Posted by maneesh On December - 14 - 2010

Once the professor of a university challenged his students with this question. "Did God create everything that exists?"

A student answered bravely, "Yes,he did".

The professor then asked, "If God created everything, then he created evil. Since evil exists (as noticed by our own actions), so God is evil.

The student couldn't respond to that statement causing the professor to conclude that he had "proved" that "belief in God" was a fairy tale, and therefore worthless.

Another student raised his hand and asked the professor, "May I pose a question? ",

"Of course" answered the professor. The young student stood up and asked : "Professor does Cold exists?"

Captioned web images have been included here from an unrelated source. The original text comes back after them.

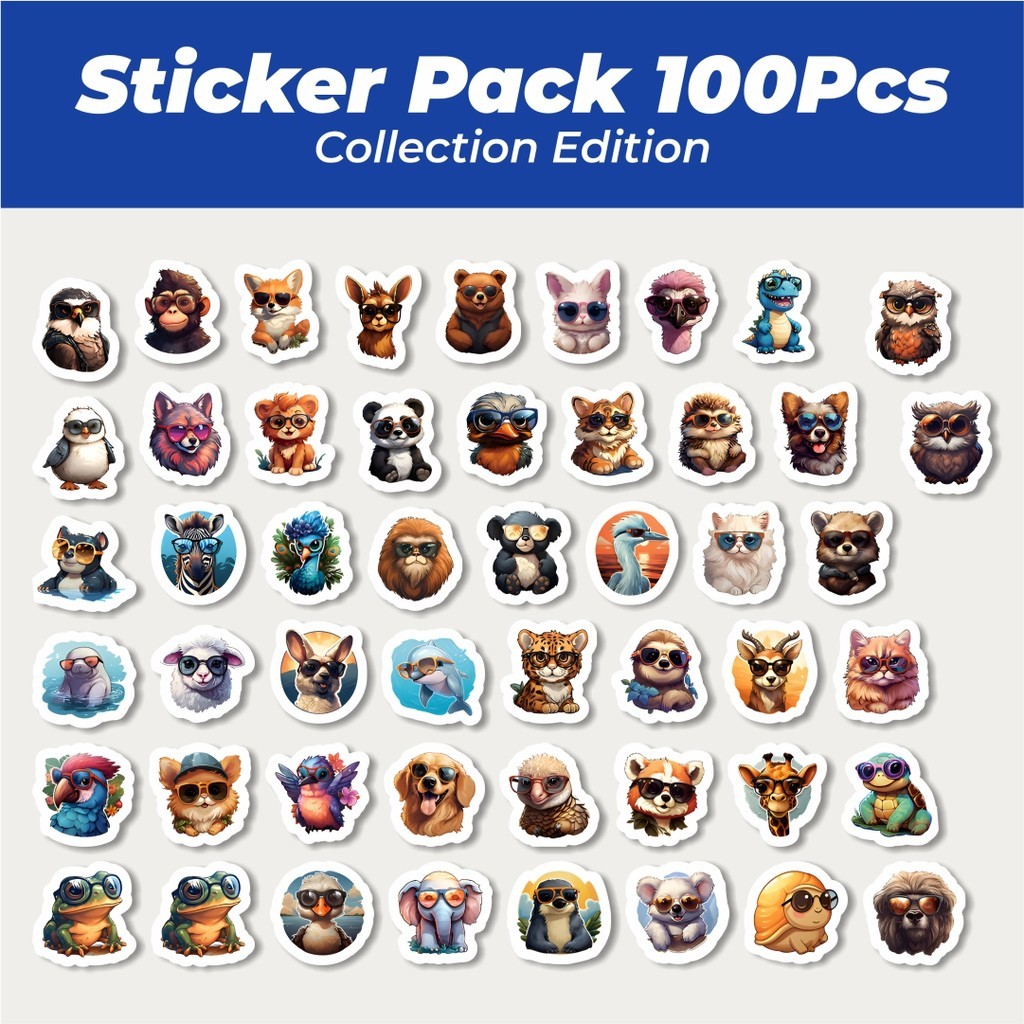 

Hot Stiker Cute Animal [Hewan Hewan] Lucu Anti Air Stikers Berperekat Waterproof Sticker Decal Buat Motor Helm Buku Journal Koper Casing HP Laptop Botol Minum
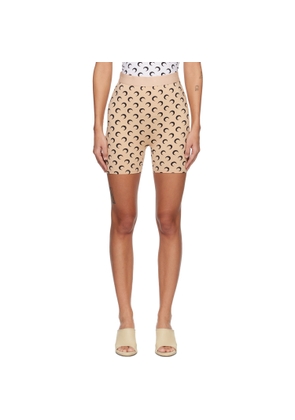 Marine Serre Beige Recycled Moon Jersey Mini Shorts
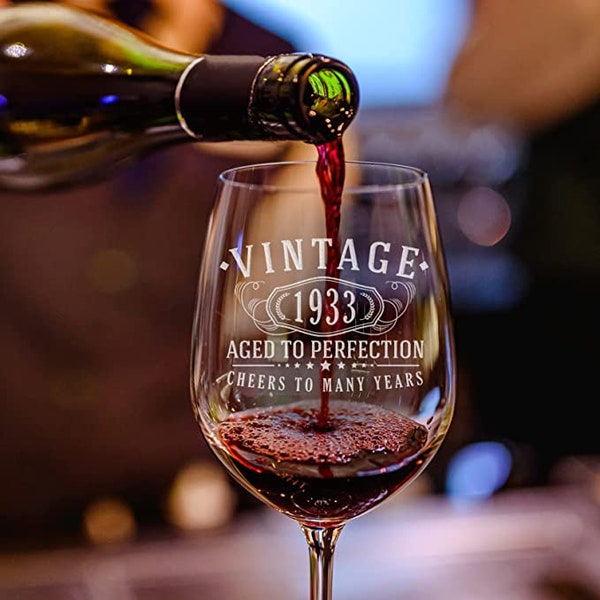 Bicchiere da vino con stelo da 16 once inciso vintage 1933 - 91° compleanno invecchiato alla perfezione - regali di 91 anni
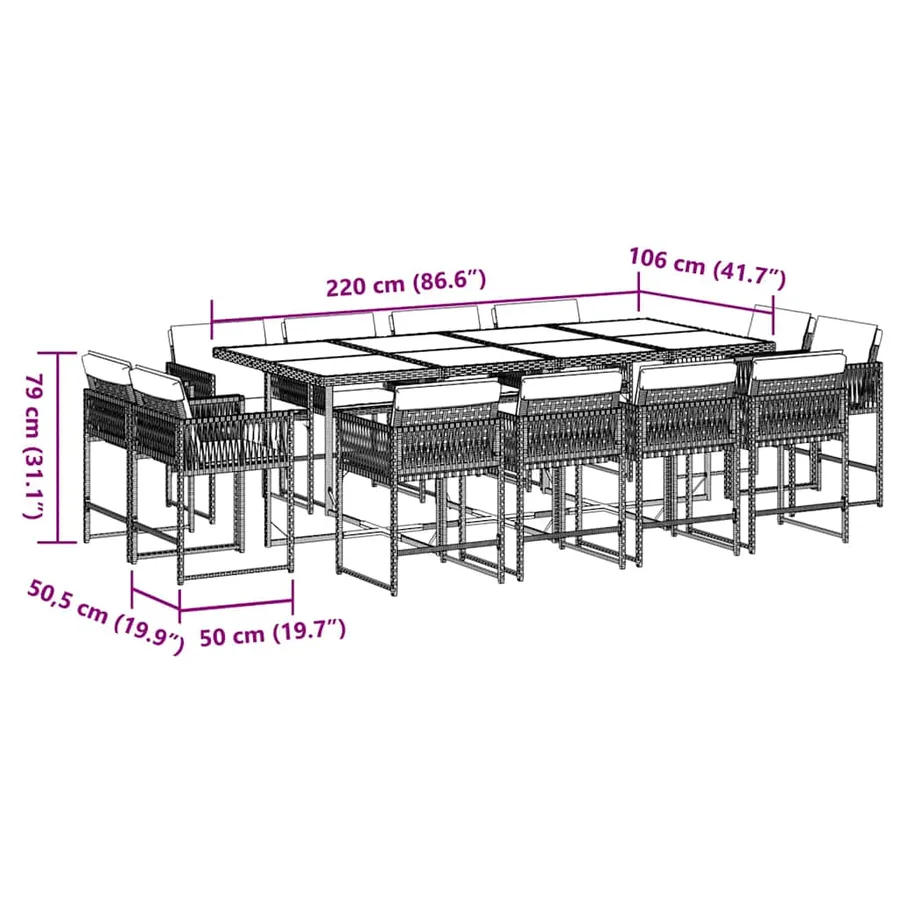 Ensemble à manger de jardin coussins 13 pcs gris résine tressée - 5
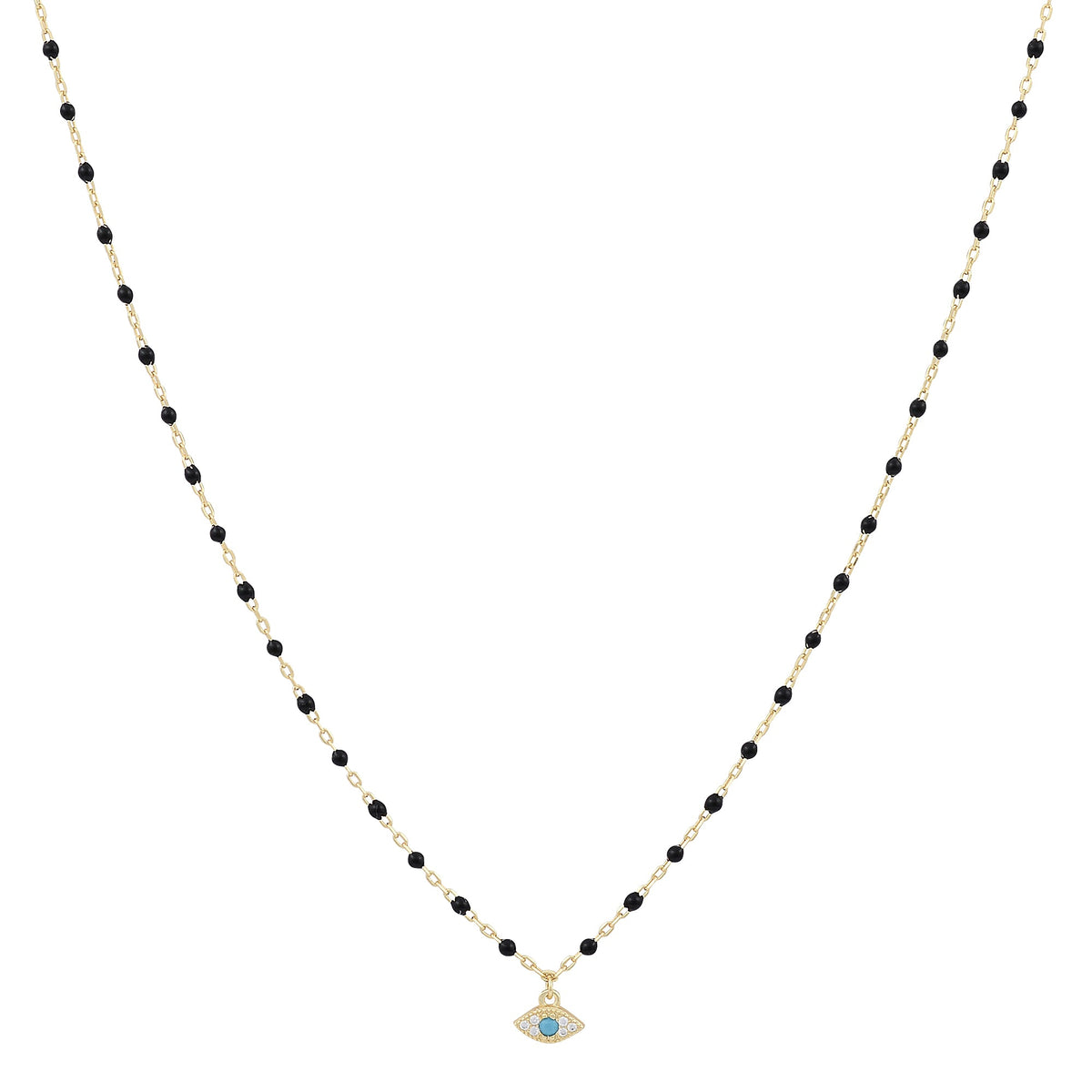 Evil Eye Beaded Necklace Gold Plated — Good Luck ProtectionNecklace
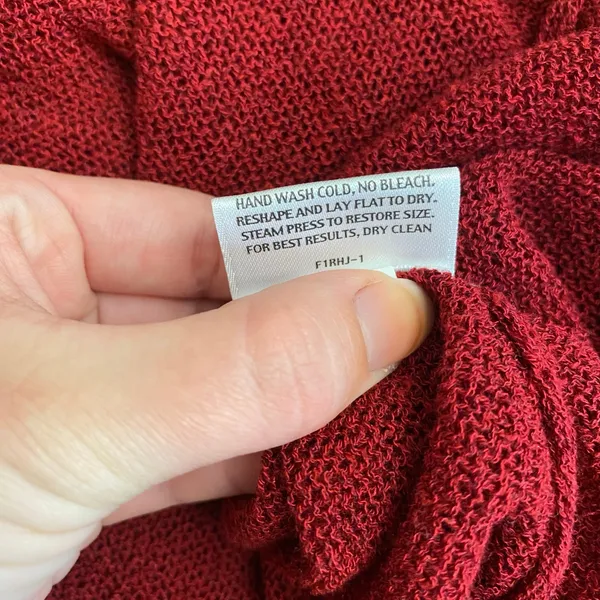 Eileen Fisher‎ Wine Red Linen Blend Open Knit Open Front Ruffle Cardigan Size XS - Image 9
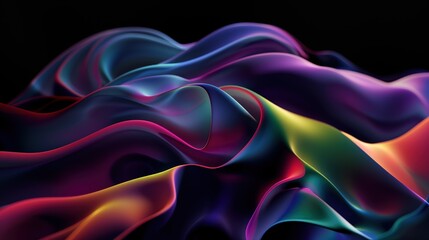 Vibrant Pink and Purple Silk Waves Abstract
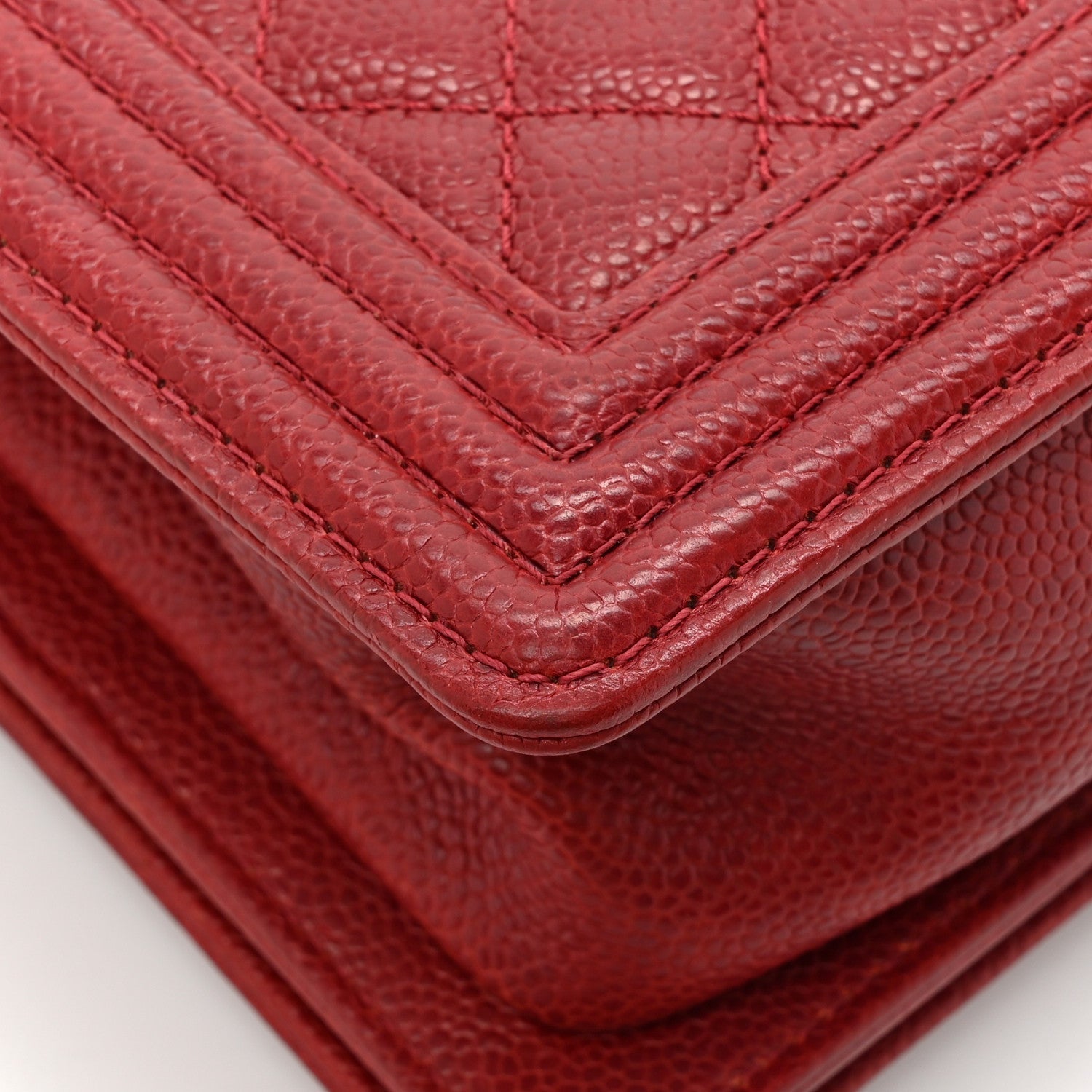 Chanel Caviar Quilted Medium Boy Flap Red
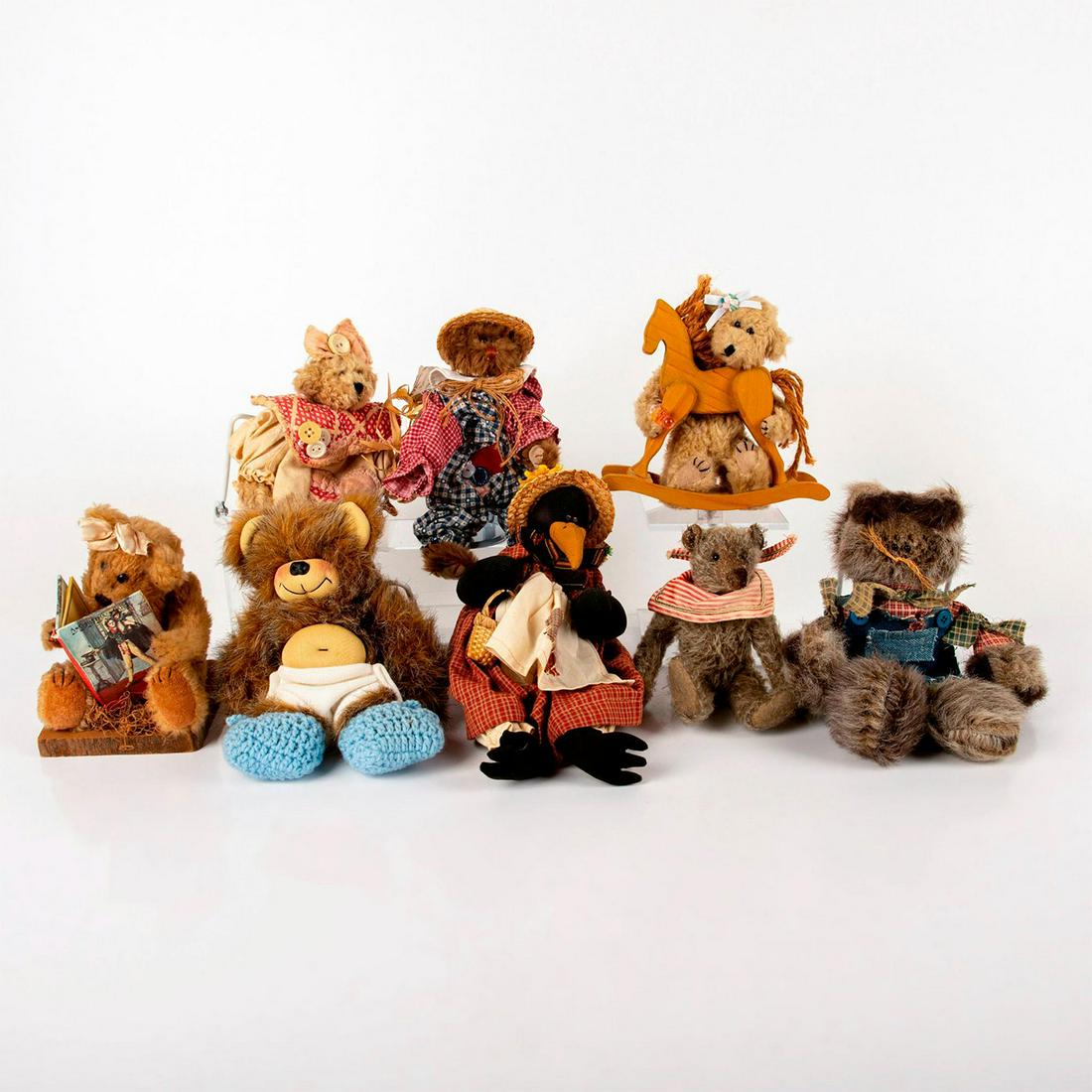 8pc Miniature Teddy Bears and Crow Stuffed Animals (1 of 4)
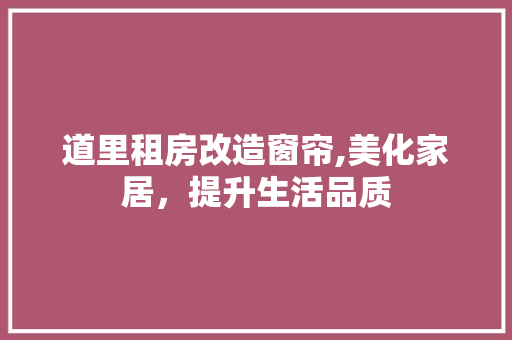 道里租房改造窗帘,美化家居，提升生活品质 装修攻略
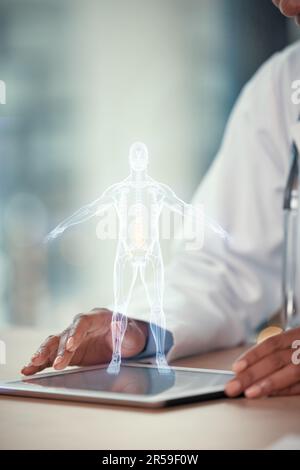 Tablet, digitales Hologramm und Arzthandschuhe für Anatomie, menschlichen Körper und futuristische Forschung im Jahre 3D. Technologie, holographische und medizinische Person in Stockfoto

The professor answered, "What kind of question is that?...Of course the cold exists... haven't you ever been cold?"

The young student answered, "In fact sir, Cold does not exist.According to the laws of Physics, what we consider cold, in fact is the absence of heat. Anything is able to be studied as long as it transmits, energy (heat). Absolute Zero is the total absence of heat, but cold does not exist. What we have done is create a term to describe how we feel if we don't have body heat or we are not hot." "And, does Dark exist?", he continued.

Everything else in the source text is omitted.